Ron Paul reacts to
Rick Santorum being the GOP's flavor du jour (Steve Marcus/Reuters)
Rick Santorum:
“Ron Paul says he’s going to eliminate five departments. Ron Paul passed one bill in 20 years. What give you the idea that he can eliminate anything? I mean, he has absolutely no track record of building any kind of coalition to get anything done anywhere,” Santorum said. “I understand the appeal that Ron Paul has: it’s simple, it’s short—but there’s no track record there.”
That's a decent argument to make against Ron Paul ... but it might be better coming from a guy who actually won his last election. And it certainly would be better coming from someone who—unlike Rick Santorum—wasn't thoroughly trounced the last time he appeared on a ballot. Santorum lost by nearly 20 points 2006, garnering just 41% of the vote. I guess he could describe that as building a coalition ... a losing one.
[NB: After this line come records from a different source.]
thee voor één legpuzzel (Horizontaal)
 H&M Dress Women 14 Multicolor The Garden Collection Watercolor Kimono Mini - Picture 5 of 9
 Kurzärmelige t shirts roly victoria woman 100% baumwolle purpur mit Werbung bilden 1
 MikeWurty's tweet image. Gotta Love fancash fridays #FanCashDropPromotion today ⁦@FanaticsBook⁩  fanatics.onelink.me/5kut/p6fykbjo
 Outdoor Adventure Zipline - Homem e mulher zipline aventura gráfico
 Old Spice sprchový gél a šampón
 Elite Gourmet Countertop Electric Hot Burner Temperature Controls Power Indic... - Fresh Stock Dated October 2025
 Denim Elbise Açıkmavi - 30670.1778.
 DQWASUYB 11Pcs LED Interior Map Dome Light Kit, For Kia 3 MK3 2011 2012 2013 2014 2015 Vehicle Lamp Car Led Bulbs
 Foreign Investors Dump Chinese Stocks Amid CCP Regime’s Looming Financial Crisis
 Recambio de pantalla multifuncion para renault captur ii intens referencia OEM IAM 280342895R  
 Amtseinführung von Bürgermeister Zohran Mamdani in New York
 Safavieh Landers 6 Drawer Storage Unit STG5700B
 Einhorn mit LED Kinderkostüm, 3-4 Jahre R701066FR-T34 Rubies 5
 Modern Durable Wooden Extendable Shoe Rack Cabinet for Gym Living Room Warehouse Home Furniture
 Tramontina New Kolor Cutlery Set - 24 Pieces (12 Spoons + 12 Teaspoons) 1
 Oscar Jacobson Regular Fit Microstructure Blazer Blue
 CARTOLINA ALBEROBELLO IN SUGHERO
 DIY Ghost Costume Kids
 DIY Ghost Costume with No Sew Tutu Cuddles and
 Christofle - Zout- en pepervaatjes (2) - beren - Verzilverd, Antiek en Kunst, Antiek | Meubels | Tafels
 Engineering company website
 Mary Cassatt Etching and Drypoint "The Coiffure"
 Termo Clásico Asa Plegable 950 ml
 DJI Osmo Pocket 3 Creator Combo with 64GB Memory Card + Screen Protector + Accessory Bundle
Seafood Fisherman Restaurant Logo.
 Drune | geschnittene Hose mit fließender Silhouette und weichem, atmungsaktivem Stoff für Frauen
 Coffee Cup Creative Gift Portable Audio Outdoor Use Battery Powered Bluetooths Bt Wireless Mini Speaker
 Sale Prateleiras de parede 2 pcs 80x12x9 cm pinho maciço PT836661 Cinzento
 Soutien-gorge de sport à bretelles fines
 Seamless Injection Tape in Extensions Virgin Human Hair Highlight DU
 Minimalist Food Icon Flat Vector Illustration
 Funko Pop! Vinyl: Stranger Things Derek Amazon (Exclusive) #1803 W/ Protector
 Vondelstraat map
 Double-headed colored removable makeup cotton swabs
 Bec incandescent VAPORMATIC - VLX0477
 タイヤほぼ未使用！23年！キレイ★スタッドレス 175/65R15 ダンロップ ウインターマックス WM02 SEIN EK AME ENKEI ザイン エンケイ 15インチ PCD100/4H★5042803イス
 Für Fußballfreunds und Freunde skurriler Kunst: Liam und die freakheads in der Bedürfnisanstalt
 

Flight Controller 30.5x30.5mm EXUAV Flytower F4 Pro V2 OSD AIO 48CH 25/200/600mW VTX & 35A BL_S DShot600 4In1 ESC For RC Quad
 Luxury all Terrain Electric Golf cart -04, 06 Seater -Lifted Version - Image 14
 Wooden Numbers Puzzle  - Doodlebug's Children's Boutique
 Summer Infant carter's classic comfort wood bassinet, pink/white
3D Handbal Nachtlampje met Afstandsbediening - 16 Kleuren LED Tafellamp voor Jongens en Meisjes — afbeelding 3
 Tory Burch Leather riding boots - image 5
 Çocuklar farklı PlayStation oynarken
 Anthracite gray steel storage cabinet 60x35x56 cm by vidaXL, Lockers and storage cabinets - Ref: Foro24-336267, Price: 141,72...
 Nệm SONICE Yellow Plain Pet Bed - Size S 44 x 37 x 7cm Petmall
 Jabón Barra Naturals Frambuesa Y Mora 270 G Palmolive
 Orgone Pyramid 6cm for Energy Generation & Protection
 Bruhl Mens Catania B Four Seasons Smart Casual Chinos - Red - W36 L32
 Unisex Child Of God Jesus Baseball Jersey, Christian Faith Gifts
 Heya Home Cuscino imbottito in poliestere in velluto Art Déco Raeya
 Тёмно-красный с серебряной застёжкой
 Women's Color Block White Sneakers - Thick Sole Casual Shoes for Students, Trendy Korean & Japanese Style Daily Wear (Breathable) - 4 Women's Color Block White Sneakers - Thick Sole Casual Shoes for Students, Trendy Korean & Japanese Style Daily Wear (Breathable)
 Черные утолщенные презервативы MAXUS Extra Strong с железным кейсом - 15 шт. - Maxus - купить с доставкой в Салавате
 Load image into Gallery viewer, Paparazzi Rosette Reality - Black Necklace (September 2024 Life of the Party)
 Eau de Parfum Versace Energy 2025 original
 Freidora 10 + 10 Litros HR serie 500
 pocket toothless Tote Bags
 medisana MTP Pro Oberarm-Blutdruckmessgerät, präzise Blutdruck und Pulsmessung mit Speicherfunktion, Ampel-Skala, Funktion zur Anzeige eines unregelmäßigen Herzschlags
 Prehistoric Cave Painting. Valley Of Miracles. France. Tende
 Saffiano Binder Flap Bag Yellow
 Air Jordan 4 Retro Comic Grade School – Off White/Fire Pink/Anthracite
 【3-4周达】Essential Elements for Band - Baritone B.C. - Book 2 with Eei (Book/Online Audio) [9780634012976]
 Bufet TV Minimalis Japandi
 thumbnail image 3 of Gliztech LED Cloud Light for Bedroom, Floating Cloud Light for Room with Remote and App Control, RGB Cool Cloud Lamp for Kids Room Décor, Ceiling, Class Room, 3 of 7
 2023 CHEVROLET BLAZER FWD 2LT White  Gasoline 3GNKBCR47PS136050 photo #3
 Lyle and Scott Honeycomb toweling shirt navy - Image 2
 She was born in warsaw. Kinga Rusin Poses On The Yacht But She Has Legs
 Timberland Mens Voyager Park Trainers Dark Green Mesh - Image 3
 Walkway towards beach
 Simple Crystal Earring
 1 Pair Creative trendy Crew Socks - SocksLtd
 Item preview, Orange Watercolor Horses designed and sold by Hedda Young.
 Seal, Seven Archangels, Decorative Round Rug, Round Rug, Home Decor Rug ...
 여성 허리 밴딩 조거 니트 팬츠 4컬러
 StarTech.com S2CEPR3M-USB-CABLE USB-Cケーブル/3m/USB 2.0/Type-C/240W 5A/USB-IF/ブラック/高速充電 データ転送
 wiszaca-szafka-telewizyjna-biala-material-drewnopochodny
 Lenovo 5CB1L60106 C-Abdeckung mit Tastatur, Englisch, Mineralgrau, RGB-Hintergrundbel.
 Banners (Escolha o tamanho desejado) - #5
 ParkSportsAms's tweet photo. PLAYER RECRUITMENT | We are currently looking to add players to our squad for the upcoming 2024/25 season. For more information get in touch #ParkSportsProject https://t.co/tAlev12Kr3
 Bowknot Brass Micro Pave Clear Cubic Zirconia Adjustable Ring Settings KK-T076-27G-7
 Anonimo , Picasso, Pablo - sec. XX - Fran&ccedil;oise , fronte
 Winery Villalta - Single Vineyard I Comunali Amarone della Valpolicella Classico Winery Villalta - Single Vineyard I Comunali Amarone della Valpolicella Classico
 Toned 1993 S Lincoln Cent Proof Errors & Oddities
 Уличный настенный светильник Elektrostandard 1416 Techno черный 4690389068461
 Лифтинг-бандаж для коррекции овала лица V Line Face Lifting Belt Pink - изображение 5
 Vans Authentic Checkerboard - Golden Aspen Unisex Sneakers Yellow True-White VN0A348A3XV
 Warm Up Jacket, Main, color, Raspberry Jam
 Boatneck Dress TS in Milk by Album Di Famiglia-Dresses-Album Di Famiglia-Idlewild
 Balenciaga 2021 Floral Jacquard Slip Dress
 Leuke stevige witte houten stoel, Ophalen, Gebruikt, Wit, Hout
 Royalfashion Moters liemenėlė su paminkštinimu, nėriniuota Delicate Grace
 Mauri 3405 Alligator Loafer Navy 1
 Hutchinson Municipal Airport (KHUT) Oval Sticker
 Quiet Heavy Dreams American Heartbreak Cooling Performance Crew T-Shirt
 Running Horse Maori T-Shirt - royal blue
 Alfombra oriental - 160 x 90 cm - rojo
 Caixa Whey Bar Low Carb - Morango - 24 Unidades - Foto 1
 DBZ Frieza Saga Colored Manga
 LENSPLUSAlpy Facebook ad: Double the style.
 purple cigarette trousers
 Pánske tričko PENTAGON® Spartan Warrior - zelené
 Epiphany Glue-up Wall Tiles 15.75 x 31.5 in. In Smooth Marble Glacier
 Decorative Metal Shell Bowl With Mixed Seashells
It's a great illustration of just how pathetic the Republican Party has become: a defeated former U.S. Senator is vying to overtake an ineffective backbencher as the Republican Party's hottest candidate. Meanwhile, Mitt Romney marches to the right, desperate for support from a Republican base that can't stop falling in love with the Rick Santorums and Newt Gingriches and Rick Perrys of the world. It's clear that most of the GOP base doesn't really want Mitt Romney ... but at the end of the day, he very well could be the only option that they have.
Fortunately for President Obama, to become that option Romney has needed to transform himself from the moderate governor of Massachusetts to an inauthentic fire breathing conservative. That might be closer to what the GOP base finds acceptable, but it's the last thing most Americans want.